Data follows below. Repeat exactly the lines between the line holding "Shelter Stray Female" and the line holding "a bathroom with", inclusive, and nothing more; drop pictures.

[[ MATERIAL FOR THIS EXERCISE, beginning ]]

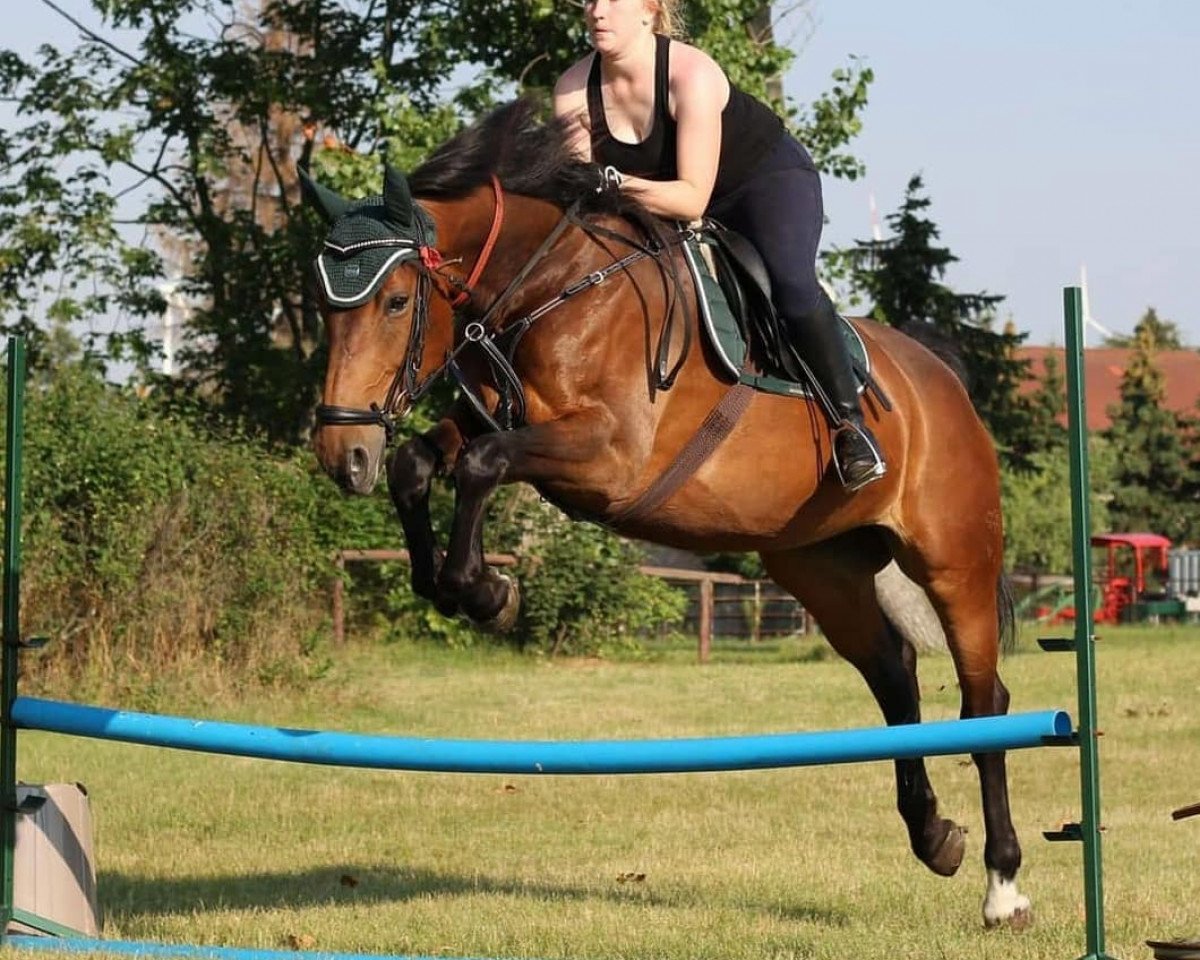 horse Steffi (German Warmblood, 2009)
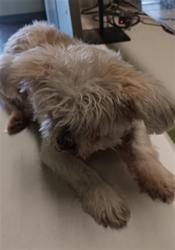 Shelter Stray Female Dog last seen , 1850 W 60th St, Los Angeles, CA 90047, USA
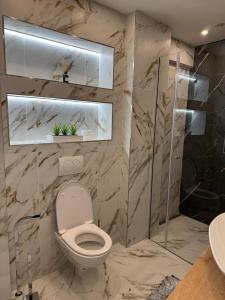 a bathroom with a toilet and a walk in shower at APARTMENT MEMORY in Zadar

[[ MATERIAL FOR THIS EXERCISE, end ]]
[[ MATERIAL FOR THIS EXERCISE, beginning ]]

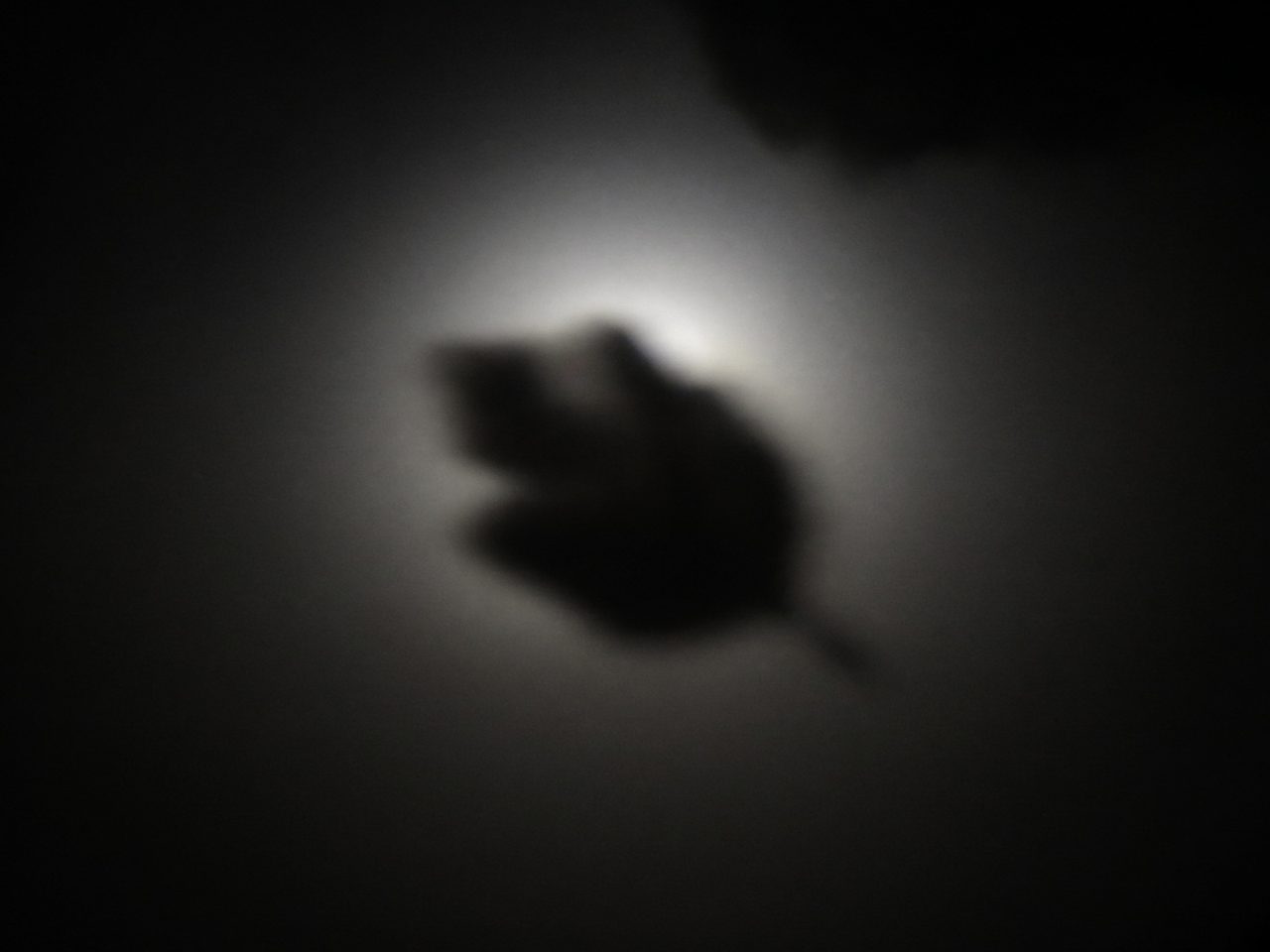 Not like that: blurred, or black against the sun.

[[ MATERIAL FOR THIS EXERCISE, end ]]

WRITTEN SOLUTION:
 Shelter Stray Female Dog last seen , 1850 W 60th St, Los Angeles, CA 90047, USA
 a bathroom with a toilet and a walk in shower at APARTMENT MEMORY in Zadar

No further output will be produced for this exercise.